Use D-ring hangers or strap hangers screwed into the back of the frame on the two side pieces. Install them approximately one-third of the frame height from the top. String braided picture wire between the two hangers, twisted tightly to prevent slippage. The wire should be taut enough that it does not show above the top of the frame when hanging.

For heavier frames, use two-piece security hangers that lock onto wall hooks — these prevent the frame from tilting or being accidentally knocked off the wall.

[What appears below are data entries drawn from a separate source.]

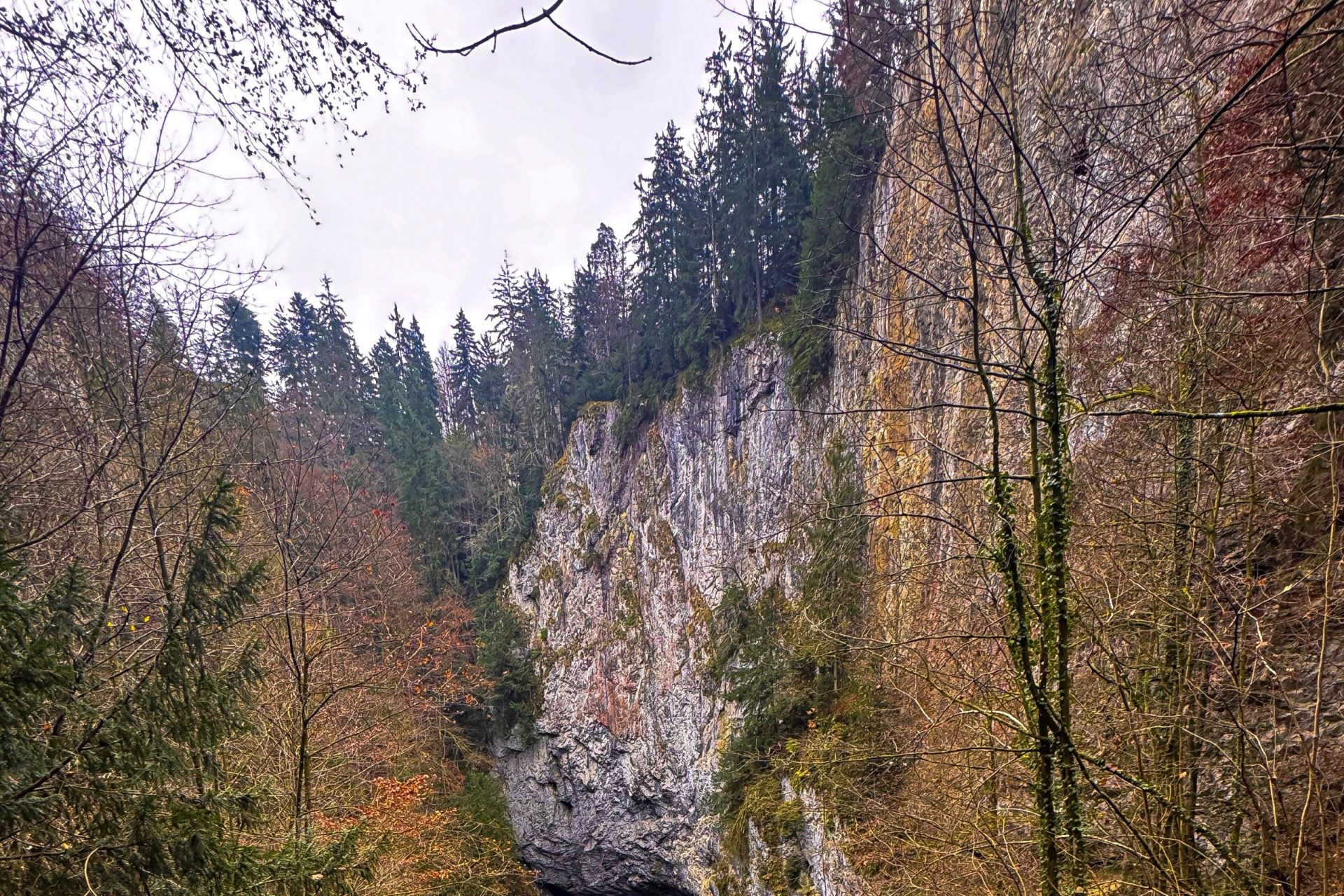 Hike in Moravsky kras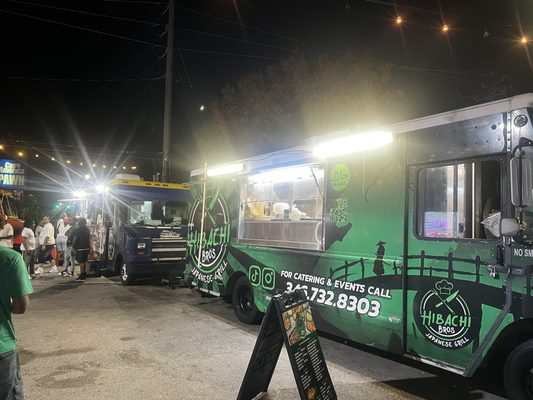 Hibachi Bros (Food Truck) by null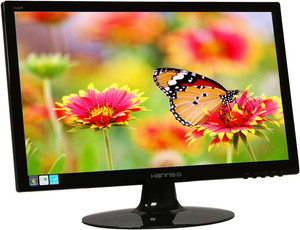 TFT Monitor Hanns.G HL229DPB Monitor 21,5" DVI VGA  Display Laptop PC - WIE NEU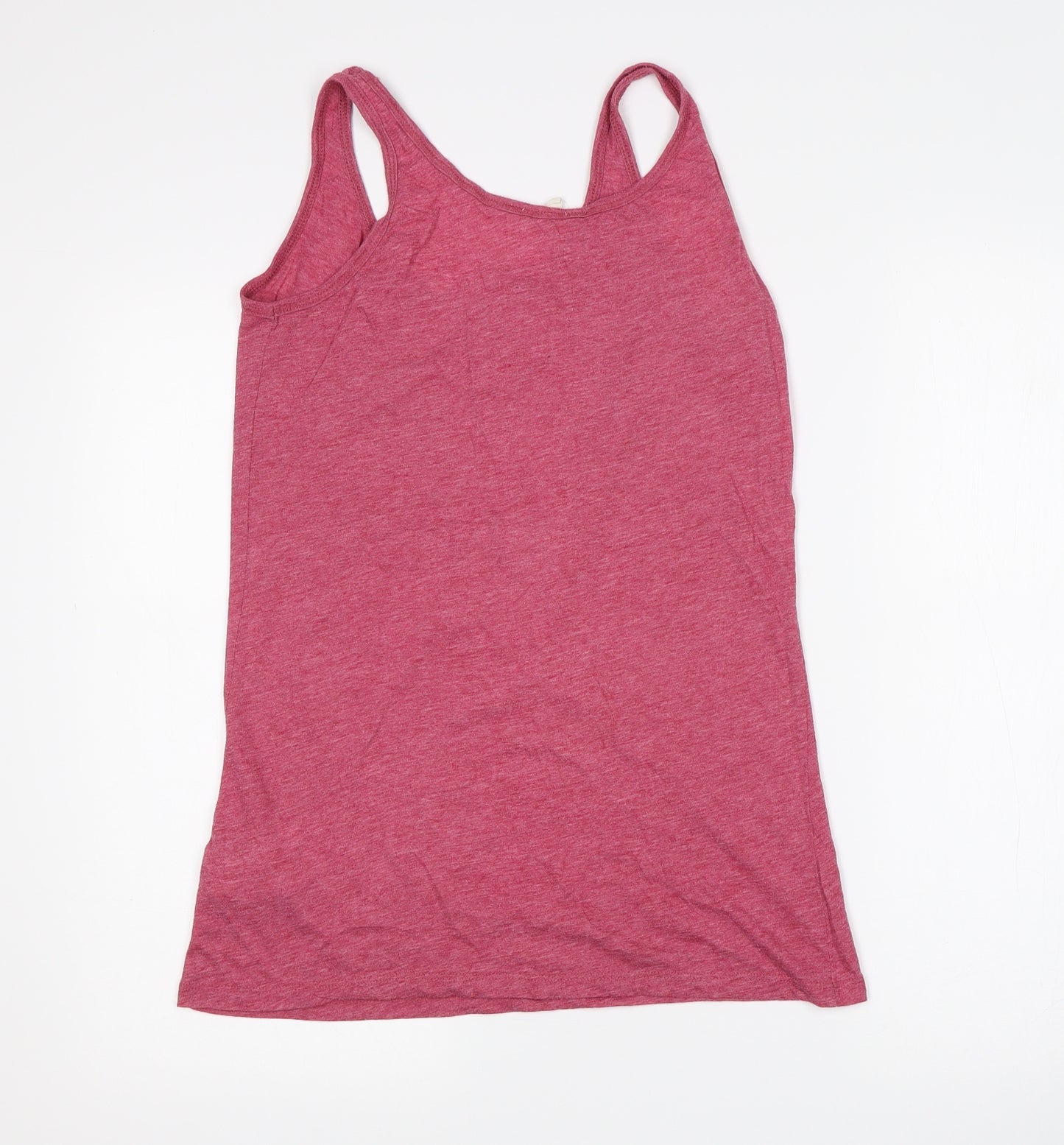 New Look Womens Pink   Basic Tank Size 12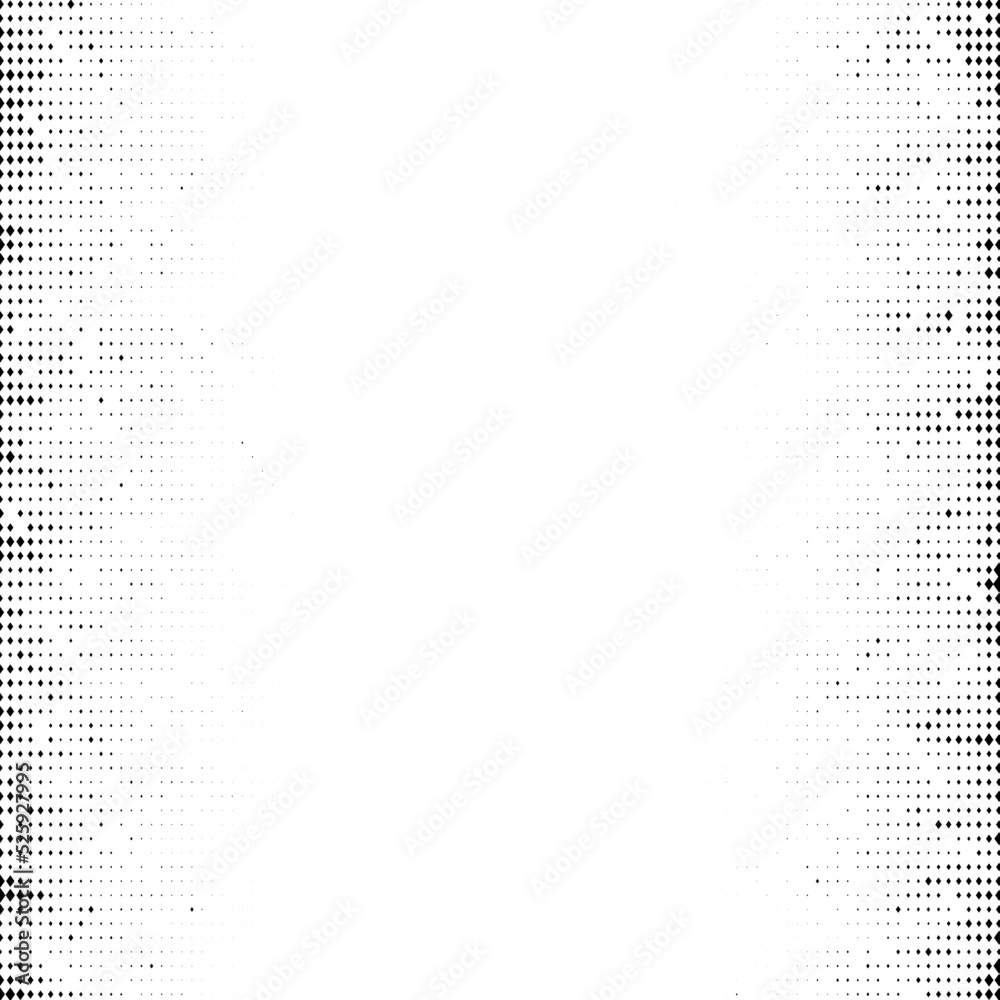 Halftone grunge texture. Comic style grain background. Pop art faded ...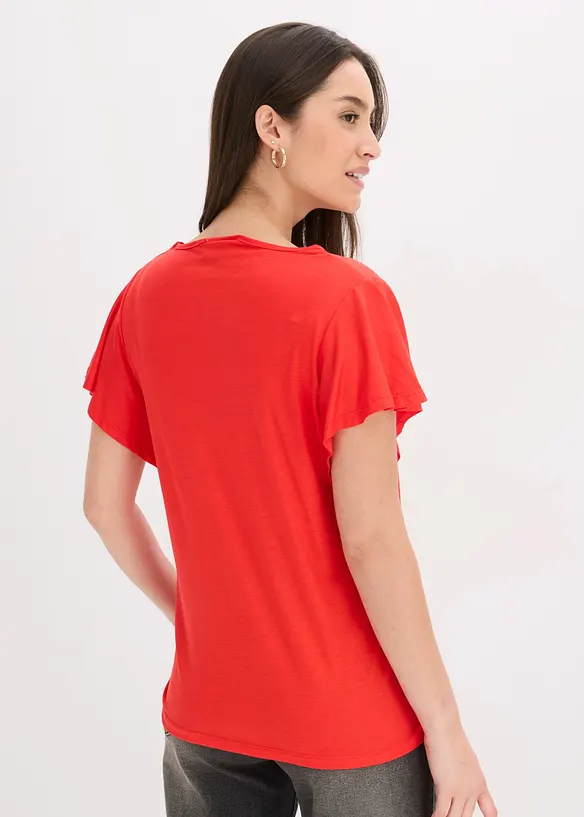 Topp i mjuk viskos, bonprix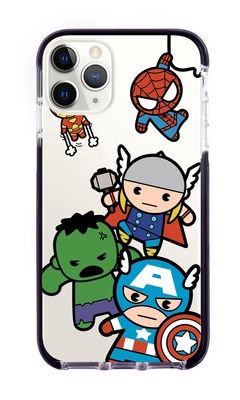 Buy Kawaii Art Marvel Comics - Extreme Phone Case for iPhone 11 Pro Phone Cases & Covers Online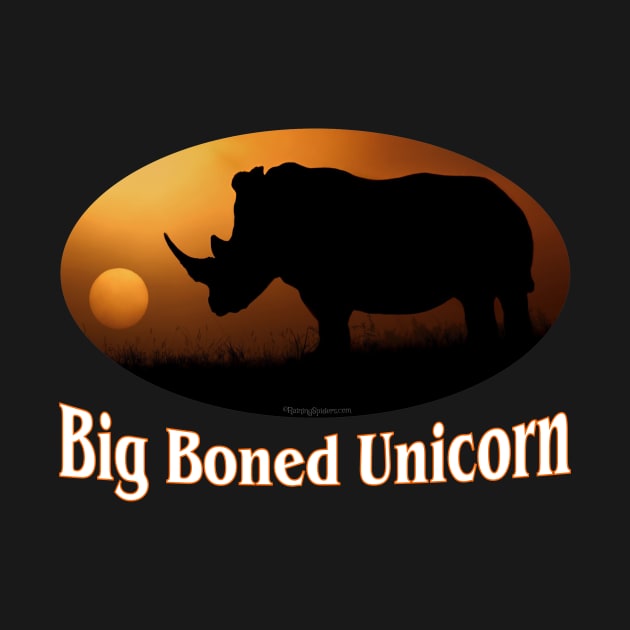 Big Boned Unicorn by RainingSpiders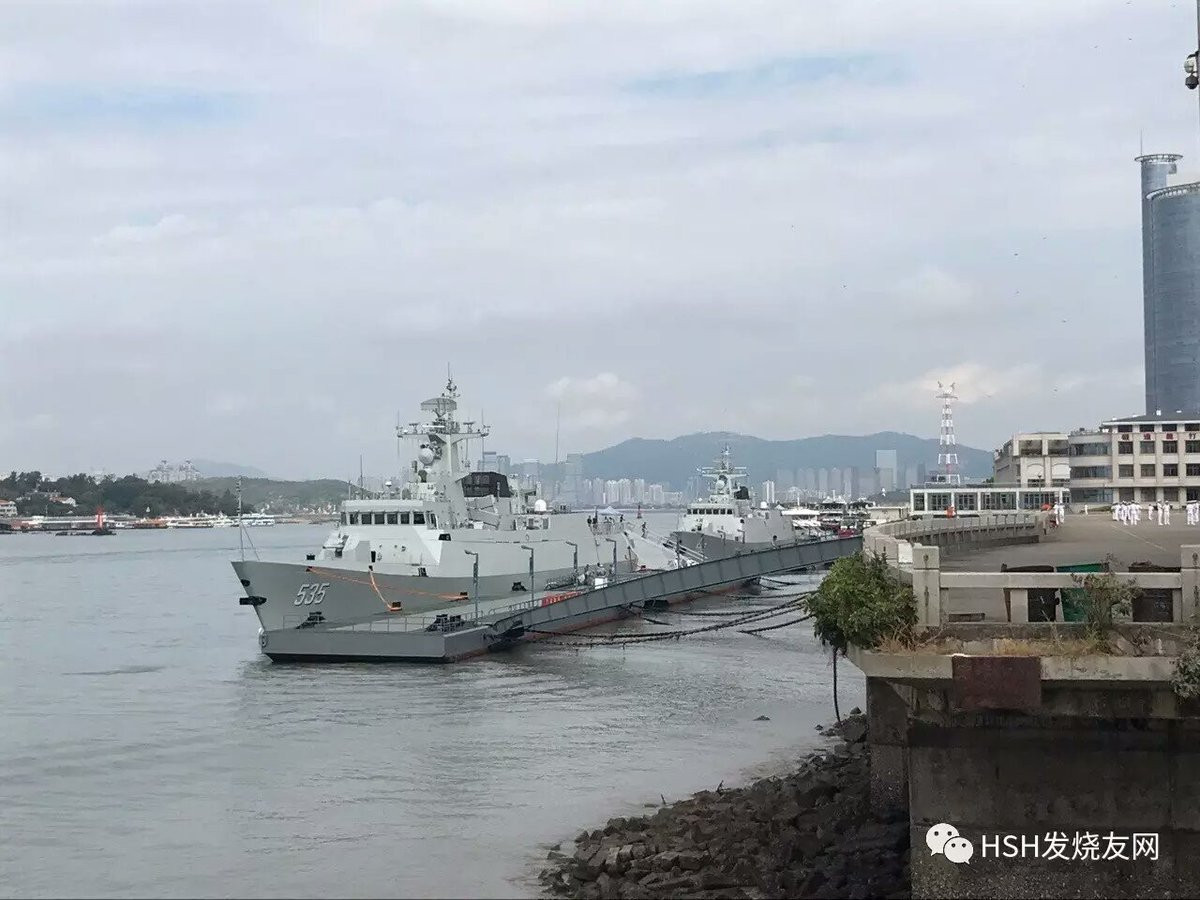 Type 056 là tàu hộ vệ được Trung Quốc tự nghiên cứu và bắt đầu đóng mới từ đầu những năm 2010. Đây hiện được coi là một trong những loại tàu chiến có quân số lớn nhất của Trung Quốc. Nguồn ảnh: QQ.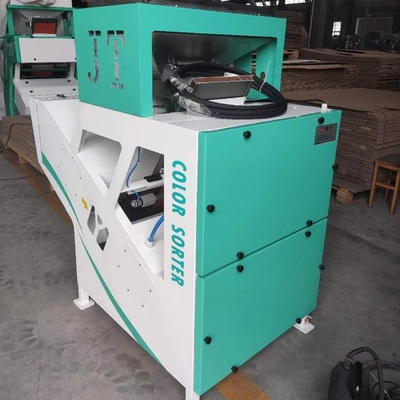 Máquina clasificadora de color de arroz CCD de 1 tolva 80 canales 260 kg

A Great Set of Corner Clamps Transforms Frame Assembly

If you plan to build more than a few frames, investing in a dedicated corner clamp set will make assembly faster and more accurate. Corner clamps hold each joint at exactly 90 degrees while the glue cures, eliminating the need to fight a band clamp trying to maintain squareness. A good set includes four matching clamps — one per corner — and can be used for frames, boxes, and cabinet face frames as well. Look for cast iron or aluminum construction with smooth-threading mechanisms and non-marring pads.

Final Thoughts

Frame making rewards precision and patience. The miter cuts need to be exact, the rabbet needs to be consistent, and the joinery needs to be tight before any finishing can hide imperfections. Start with a simple flat profile in poplar, painted black — it is the most forgiving combination and will teach you every step of the process. Once you have built your first successful frame, the door opens to walnut with Danish oil, gilded ogee profiles, built-up compound moldings, and frames that outshine anything available at retail for a fraction of the cost.